**YOUR TASK**
Start at the line with "The Oval Watch" in the records below, stop at the line with "Чехол Decoded Leather", and return every line in that span exactly, the two end lines included.

Short descriptive text snippets
━━━━━━
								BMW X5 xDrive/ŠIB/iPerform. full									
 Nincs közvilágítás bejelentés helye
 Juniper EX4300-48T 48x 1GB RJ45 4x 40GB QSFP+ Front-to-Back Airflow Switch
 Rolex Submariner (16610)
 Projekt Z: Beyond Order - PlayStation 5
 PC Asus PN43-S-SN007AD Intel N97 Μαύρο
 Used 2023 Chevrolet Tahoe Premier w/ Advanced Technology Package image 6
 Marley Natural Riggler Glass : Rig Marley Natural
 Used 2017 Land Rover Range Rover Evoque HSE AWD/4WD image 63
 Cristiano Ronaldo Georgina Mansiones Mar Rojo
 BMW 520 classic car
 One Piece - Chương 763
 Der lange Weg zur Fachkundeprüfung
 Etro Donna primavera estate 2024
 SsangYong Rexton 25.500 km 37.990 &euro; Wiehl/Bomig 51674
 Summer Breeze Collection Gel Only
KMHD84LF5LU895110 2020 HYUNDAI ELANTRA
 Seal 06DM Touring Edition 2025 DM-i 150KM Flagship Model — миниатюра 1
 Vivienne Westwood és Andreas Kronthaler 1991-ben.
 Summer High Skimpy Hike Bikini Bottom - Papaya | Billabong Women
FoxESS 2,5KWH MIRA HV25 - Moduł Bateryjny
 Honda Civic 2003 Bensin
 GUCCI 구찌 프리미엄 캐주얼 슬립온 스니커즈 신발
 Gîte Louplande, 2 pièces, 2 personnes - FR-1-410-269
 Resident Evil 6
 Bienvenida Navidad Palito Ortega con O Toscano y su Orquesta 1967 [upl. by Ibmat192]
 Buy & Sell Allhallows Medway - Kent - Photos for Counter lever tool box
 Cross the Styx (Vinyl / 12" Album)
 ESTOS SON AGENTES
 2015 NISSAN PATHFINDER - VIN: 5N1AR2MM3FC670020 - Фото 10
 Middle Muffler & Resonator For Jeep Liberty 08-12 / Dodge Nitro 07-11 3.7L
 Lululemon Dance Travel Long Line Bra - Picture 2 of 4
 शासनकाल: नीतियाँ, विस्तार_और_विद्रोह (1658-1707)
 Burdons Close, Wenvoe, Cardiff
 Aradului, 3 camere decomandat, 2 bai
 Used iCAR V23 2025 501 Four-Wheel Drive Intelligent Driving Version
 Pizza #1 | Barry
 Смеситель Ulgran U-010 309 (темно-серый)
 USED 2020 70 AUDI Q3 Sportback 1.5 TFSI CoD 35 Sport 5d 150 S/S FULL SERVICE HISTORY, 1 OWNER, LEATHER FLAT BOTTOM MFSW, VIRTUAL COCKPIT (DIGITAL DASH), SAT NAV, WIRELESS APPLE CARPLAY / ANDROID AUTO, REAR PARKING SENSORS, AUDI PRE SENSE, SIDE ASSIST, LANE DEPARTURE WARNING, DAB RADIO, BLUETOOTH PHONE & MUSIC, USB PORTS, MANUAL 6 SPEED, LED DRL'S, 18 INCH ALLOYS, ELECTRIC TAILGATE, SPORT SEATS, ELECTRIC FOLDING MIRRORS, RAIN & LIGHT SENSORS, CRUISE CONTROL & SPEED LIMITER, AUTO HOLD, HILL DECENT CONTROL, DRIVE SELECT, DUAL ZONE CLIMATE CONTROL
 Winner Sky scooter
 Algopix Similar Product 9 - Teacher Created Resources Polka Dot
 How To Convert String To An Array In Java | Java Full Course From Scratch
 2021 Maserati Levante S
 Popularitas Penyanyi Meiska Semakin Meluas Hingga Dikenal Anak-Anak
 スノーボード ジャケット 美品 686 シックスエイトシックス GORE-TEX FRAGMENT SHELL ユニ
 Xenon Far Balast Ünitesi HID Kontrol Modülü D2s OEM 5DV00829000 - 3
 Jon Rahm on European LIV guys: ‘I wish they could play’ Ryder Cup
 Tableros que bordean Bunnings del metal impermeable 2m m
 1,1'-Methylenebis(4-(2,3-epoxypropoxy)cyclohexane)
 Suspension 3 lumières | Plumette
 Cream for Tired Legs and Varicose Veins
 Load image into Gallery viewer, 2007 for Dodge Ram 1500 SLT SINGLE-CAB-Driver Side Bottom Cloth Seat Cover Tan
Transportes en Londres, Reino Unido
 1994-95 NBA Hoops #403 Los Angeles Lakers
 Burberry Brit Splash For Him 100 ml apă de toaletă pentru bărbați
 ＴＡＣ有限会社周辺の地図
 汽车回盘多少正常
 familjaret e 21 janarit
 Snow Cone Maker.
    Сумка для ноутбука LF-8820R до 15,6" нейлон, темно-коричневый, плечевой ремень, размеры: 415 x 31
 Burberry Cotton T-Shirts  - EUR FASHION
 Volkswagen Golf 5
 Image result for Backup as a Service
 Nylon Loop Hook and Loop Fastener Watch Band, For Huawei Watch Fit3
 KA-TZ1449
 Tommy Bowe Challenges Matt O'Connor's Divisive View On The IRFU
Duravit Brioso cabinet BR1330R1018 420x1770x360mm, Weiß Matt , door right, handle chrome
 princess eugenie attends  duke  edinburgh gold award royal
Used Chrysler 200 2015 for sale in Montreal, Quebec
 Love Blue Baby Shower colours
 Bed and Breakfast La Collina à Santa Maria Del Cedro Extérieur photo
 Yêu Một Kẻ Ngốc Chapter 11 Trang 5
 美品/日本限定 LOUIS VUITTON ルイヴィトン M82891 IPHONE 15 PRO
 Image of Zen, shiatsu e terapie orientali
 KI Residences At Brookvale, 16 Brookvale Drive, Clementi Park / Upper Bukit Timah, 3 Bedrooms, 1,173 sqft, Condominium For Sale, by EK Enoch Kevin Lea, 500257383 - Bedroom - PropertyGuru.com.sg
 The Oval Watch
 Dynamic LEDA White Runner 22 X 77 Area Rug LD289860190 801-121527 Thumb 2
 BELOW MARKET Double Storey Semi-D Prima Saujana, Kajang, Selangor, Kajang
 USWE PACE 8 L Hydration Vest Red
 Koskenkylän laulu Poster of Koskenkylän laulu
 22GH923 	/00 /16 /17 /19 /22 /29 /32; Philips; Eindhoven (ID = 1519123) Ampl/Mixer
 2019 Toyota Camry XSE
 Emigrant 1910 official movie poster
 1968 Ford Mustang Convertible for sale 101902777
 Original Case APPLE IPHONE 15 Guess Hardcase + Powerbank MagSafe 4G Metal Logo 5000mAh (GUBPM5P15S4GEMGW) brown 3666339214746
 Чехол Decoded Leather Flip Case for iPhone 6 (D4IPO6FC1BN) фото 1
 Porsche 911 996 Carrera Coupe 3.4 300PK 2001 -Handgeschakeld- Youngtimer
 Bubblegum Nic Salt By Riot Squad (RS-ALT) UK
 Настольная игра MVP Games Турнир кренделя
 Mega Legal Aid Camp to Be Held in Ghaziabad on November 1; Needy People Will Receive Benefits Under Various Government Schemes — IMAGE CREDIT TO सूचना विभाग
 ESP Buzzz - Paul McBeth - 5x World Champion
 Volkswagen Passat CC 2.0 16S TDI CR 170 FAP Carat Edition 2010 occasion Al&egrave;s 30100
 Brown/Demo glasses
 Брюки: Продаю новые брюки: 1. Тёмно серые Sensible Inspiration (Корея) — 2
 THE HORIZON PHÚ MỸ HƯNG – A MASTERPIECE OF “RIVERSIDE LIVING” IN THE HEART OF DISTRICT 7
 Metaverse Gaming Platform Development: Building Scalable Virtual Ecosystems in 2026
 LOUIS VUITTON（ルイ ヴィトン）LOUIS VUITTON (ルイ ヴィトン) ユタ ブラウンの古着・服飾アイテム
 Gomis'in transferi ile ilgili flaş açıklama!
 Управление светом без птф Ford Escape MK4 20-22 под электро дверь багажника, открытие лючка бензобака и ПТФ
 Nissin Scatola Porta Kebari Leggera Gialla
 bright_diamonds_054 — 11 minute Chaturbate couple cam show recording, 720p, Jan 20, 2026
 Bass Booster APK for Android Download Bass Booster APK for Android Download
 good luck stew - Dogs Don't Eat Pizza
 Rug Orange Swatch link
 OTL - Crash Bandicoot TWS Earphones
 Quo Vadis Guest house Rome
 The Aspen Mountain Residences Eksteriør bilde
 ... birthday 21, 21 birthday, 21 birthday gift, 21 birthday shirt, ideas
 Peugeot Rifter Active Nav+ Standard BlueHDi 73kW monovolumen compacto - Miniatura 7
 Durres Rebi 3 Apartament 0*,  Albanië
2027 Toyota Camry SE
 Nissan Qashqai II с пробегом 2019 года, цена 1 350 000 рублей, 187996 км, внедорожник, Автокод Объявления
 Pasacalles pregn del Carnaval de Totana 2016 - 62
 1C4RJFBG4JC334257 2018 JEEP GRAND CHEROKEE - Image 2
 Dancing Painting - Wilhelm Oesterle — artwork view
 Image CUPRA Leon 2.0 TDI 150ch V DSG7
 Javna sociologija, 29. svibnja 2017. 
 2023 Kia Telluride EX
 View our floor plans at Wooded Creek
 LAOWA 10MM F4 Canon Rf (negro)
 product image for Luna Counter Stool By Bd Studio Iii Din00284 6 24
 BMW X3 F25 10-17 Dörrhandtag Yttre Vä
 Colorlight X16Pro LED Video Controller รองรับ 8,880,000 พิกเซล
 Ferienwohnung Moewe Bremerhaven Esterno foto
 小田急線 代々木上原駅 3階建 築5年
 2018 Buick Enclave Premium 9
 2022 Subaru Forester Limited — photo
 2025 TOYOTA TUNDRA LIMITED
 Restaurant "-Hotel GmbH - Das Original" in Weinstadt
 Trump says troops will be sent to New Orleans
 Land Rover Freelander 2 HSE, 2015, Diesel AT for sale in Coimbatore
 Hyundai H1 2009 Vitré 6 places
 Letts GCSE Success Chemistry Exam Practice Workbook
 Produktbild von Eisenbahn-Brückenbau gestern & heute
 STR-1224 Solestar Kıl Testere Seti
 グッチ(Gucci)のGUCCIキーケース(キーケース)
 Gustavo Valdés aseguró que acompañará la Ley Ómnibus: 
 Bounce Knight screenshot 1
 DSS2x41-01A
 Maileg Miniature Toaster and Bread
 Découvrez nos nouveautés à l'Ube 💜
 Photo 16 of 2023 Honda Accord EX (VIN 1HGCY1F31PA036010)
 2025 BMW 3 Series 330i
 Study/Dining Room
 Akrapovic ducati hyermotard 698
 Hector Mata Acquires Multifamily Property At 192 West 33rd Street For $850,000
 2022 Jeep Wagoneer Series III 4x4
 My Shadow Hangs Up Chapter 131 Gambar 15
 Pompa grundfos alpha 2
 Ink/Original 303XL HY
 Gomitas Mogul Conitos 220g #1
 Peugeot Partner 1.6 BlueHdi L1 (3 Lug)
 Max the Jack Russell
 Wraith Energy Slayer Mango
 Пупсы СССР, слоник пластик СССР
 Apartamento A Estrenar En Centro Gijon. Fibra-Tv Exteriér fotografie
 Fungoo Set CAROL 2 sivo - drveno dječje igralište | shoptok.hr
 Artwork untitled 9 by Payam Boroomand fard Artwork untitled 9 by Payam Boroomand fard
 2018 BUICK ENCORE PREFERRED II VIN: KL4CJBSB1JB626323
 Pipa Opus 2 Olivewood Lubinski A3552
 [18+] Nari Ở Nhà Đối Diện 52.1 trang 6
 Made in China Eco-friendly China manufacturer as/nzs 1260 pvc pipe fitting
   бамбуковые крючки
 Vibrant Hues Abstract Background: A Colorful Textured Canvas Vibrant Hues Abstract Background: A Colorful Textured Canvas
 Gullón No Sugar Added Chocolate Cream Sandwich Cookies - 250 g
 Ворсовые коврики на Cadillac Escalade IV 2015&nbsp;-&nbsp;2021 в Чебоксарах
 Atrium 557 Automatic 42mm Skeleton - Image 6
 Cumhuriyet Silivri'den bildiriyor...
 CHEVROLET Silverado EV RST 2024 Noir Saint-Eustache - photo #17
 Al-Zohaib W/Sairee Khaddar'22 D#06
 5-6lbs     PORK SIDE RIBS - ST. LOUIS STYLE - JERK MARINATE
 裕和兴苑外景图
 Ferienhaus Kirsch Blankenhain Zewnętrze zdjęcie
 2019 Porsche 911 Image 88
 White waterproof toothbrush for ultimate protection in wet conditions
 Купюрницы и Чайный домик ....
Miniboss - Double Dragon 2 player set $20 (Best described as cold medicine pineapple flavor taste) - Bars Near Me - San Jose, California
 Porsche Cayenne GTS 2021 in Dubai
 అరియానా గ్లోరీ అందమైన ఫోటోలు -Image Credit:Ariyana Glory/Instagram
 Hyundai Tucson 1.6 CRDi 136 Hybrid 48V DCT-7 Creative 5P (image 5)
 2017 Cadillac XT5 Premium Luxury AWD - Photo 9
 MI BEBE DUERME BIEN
━━━━━━
**RESPONSE**
 The Oval Watch
 Dynamic LEDA White Runner 22 X 77 Area Rug LD289860190 801-121527 Thumb 2
 BELOW MARKET Double Storey Semi-D Prima Saujana, Kajang, Selangor, Kajang
 USWE PACE 8 L Hydration Vest Red
 Koskenkylän laulu Poster of Koskenkylän laulu
 22GH923 	/00 /16 /17 /19 /22 /29 /32; Philips; Eindhoven (ID = 1519123) Ampl/Mixer
 2019 Toyota Camry XSE
 Emigrant 1910 official movie poster
 1968 Ford Mustang Convertible for sale 101902777
 Original Case APPLE IPHONE 15 Guess Hardcase + Powerbank MagSafe 4G Metal Logo 5000mAh (GUBPM5P15S4GEMGW) brown 3666339214746
 Чехол Decoded Leather Flip Case for iPhone 6 (D4IPO6FC1BN) фото 1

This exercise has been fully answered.